I love the tart, bright flavors of tamarind. Found in cuisines throughout the world, it's a perfect ingredient when you want to add a fresh "zing" to a dish, giving it a nice jolt of flavor. The photo above is from a recipe for salmon skewers with tamarind sauce, adapted from a recipe by Marcus Samuelsson and a favorite go-to dish when I'm grilling on a summer evening.
The flavor is magical, but tamarind can come across as a difficult ingredient if you've never used it. While seedless pulp is available at many markets, it's commonly found packaged in blocks -- the pulp (or paste) is often packaged with bits of seed and solids which need to be strained before the pulp can be used.
But the method is simple:
I take a block of tamarind (14 ounces), place it in a large bowl and soak it in about 2 cups of really hot water. The hot water helps to loosen the block. Set it aside for about 15 to 20 minutes until the block is softened and the water is cool enough to handle. Work the block with your fingers, breaking up the block and massaging the pulp to dislodge the solids. Run the pulp through a strainer, discard the solids, then cover and refrigerate the pulp until needed. This makes a generous cup of seedless pulp (amounts can vary by brand and amount of solids packed with the block), which should keep for a good week in the refrigerator.
You can increase or decrease the amount of water for soaking depending on how strong you want the finished product.
Depending on the recipe, you might also want to make tamarind liquid. We ran a recipe, along with a great story on the many uses for tamarind, a few years ago. The recipe for the liquid follows this post.

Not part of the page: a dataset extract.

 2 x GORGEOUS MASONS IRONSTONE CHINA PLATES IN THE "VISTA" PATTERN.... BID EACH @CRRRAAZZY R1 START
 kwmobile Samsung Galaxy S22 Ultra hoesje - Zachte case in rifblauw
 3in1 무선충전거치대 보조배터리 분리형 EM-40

If you have any kitchen tips or questions you'd like me to explore, leave a comment below or email me at firstname.lastname@example.org.
-- Noelle Carter
Photo: Salmon skewers with tamarind sauce. Credit: Wally Skalij / Los Angeles Times
Total time: 1 hour
Servings: Makes about 3 cups
Note: Tamarind paste is a packaged block of pulp (typically 14 ounces, various brands). It's available at 99 Ranch Market stores, Indian and other Southeast Asian markets, Middle Eastern markets and Filipino markets.
1 block tamarind paste
1. Gently simmer the tamarind pulp in 4 cups water for 10 minutes. Remove from the heat, cover and let sit for 30 minutes.

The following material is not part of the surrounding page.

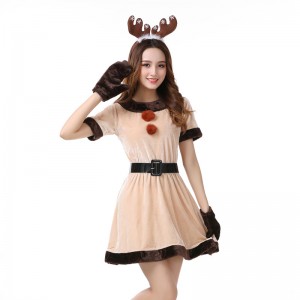 Ново - Коледни униформи в стил, Дядо Коледа - Клаус - Тематични дървесни поли, кръст - Гранични коледни украси за едро232 Цена:$139.99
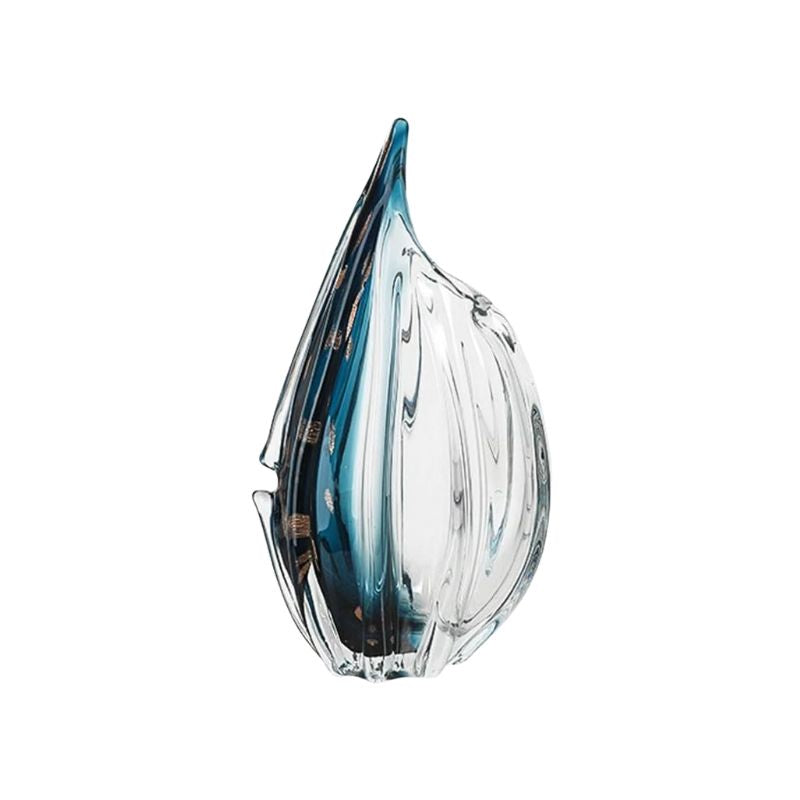 Vase Murrano Bleu en Verre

2. Press the softened pulp through a sieve, breaking up the pulp and, if necessary, pouring some already-strained liquid through a second or third time to loosen the pulp enough to extract all the liquid. Discard the solids. You should have about 3 cups. Refrigerate tamarind liquid for up to a week or measure it into ice-cube trays and freeze for convenient future use.